Back to last night — I was whistling in the kitchen. I hit an impressively high note, and I looked over to see my husband covering his ears. Perhaps it was too loud? The funny thing was that he looked to my oldest son for validation, and my son said he didn’t even hear it. I managed not to laugh in my tiny moment of victory. You’d think that was enough annoyance, but there’s more.
I also sing.
Usually this gets my kids in a twist because they don’t like me singing along with music. But last night there was no music, so I was making my own. I have an amazing talent to be able to mimic other singers (okay, maybe it’s not so amazing and I might not sound exactly like them, but it’s still fun. Try it and you’ll be hooked, especially if you try to convince everyone around you that if you just had the connections you could have been that person on the radio). The song I was singing was in the tradition of Ethel Merman, and I forgot that my husband was on call this weekend. Suddenly he evacuated the area and I found out later that he was trying to take a work phone call and couldn’t hear because I was singing so loudly. Whoops.
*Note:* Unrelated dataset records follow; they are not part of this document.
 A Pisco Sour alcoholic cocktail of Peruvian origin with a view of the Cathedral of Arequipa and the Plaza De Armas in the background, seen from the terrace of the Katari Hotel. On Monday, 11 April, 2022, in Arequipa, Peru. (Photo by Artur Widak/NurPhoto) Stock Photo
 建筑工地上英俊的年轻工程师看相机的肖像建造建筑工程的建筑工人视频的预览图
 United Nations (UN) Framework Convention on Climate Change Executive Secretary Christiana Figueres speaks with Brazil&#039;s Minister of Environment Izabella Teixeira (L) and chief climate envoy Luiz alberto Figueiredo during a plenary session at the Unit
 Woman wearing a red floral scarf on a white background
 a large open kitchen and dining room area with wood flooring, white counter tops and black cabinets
Here’s a video of one of Ethel Merman’s last performances, in case you’re curious: http://www.youtube.com/watch?v=s62MrU8mHx4
The kids seem to be taking it better. I played an attacking game with one son last night, played a chasing game with my daughter, and body-slammed my eight-year-old in a wrestling match. These were all met with happy squeals and laughter that lasts so long it leads to the hiccups. Clearly, their regular mommy is back. (Don’t worry, no one gets hurt…usually. This is just one way we play.)
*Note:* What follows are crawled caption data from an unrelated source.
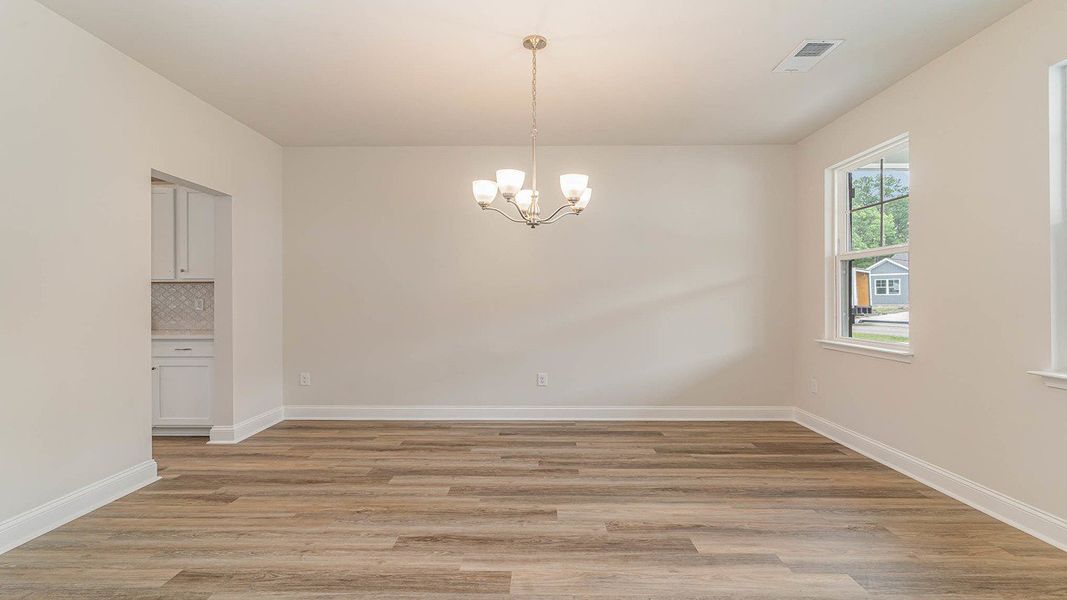 Representative unfurnished interior of a home built from the FORRESTER by D.R. Horton in Shell Pointe, Gilbert (Image 15).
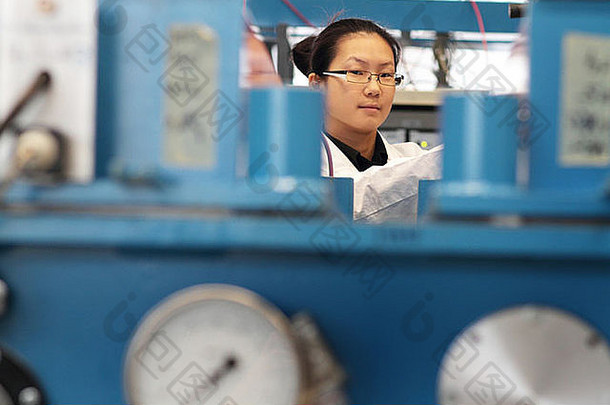 一位亚洲女科学家正在一个全息实验室里工作，她的无尘外套了新技术
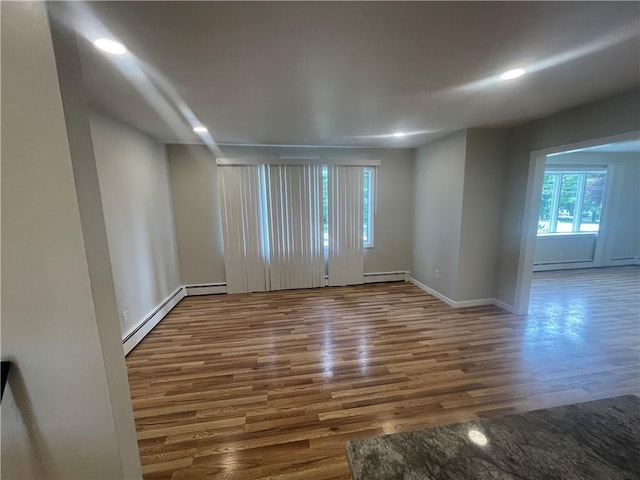 empty room featuring dark wood-type flooring and a baseboard heating unit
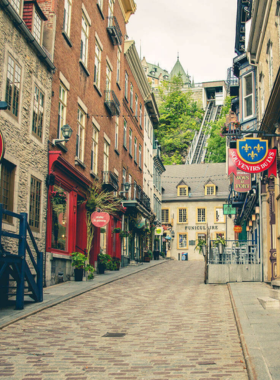 This image shows the funicular railway that connects Upper and Lower Quebec City, offering a scenic ride with views of the St. Lawrence River and the historic old town. The funicular is a convenient and fun way for visitors to move between these two areas, making it easier to explore the charming streets of Petit Champlain and the Old Port without the steep uphill walk. It’s a quick and enjoyable way to see the city from a different angle.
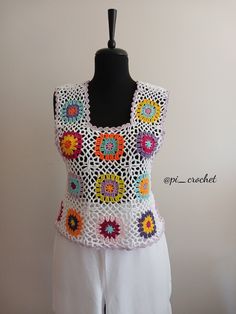 a crocheted top on a mannequin with white pants and black headband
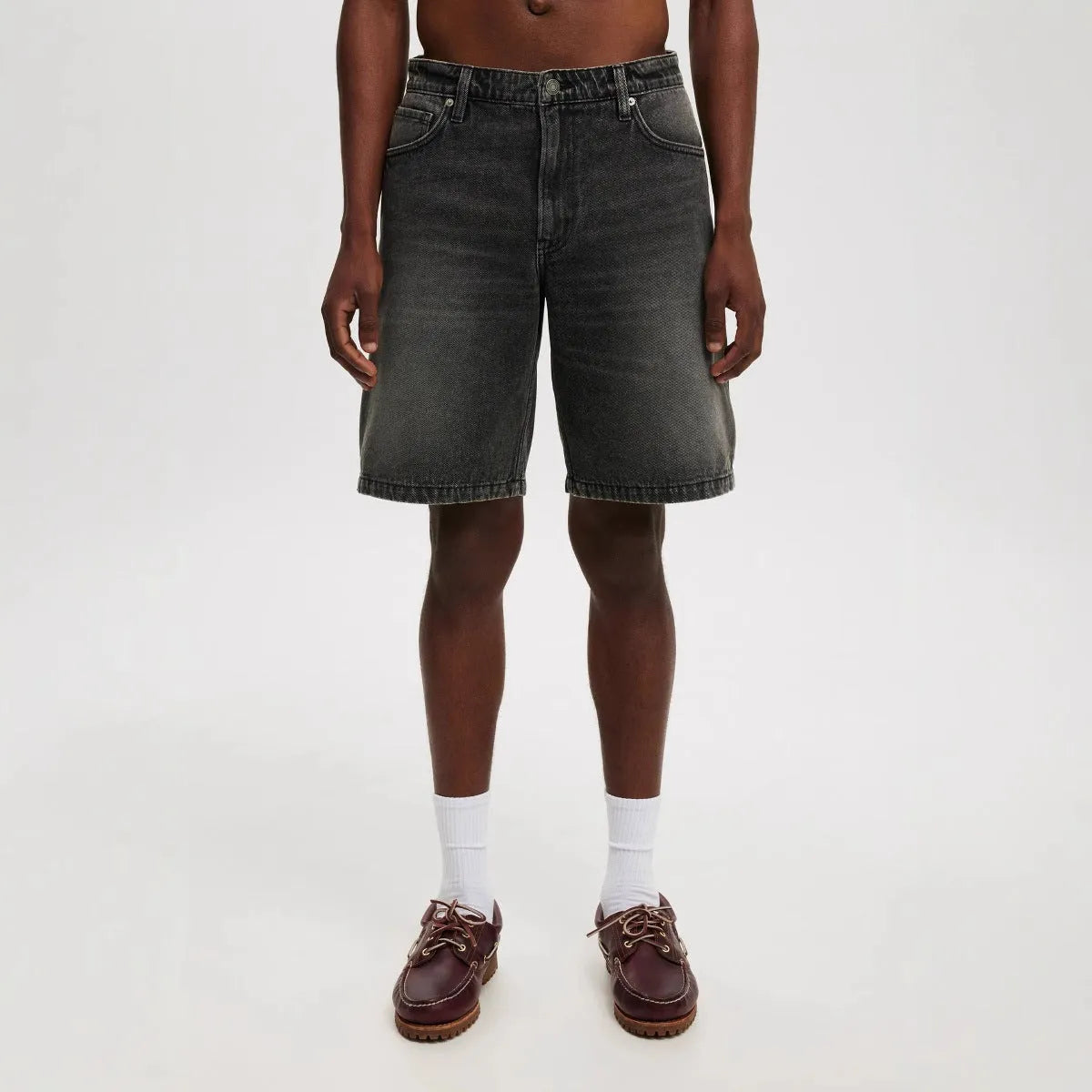 Men's loose straight-leg jeans in light blue, black, and grey denim with cotton composition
NaNo was great and I’m looking forward to finishing the two chapters that remain until the novel is complete. But it’s also fun to have mental energy to be more present with my family. That’s why I don’t write a novel in a month every month! No one around me could stand it, except my long-suffering husband, who might be hoping I get another project idea so I can go back to the quieter version of myself. The odd are not in his favor.
Diane Mierzwik says
It’s hard to juggle the reality created in our writing and the other reality of life… seems like you’re doing a great job of it! Sprint, rest, sprint, rest…
The Inkubator says
I love that! Thank you for the affirmation. I really do pay attention to the rest of my life and do think it is important. It’s just that the writing can be such a siren song! And it is helpful to have a term for the kind of writing I have to do sometimes (“sprint”, that is) although I do like to linger over the words when I can. Thanks for taking time to check out the blog — hope to see you here again soon.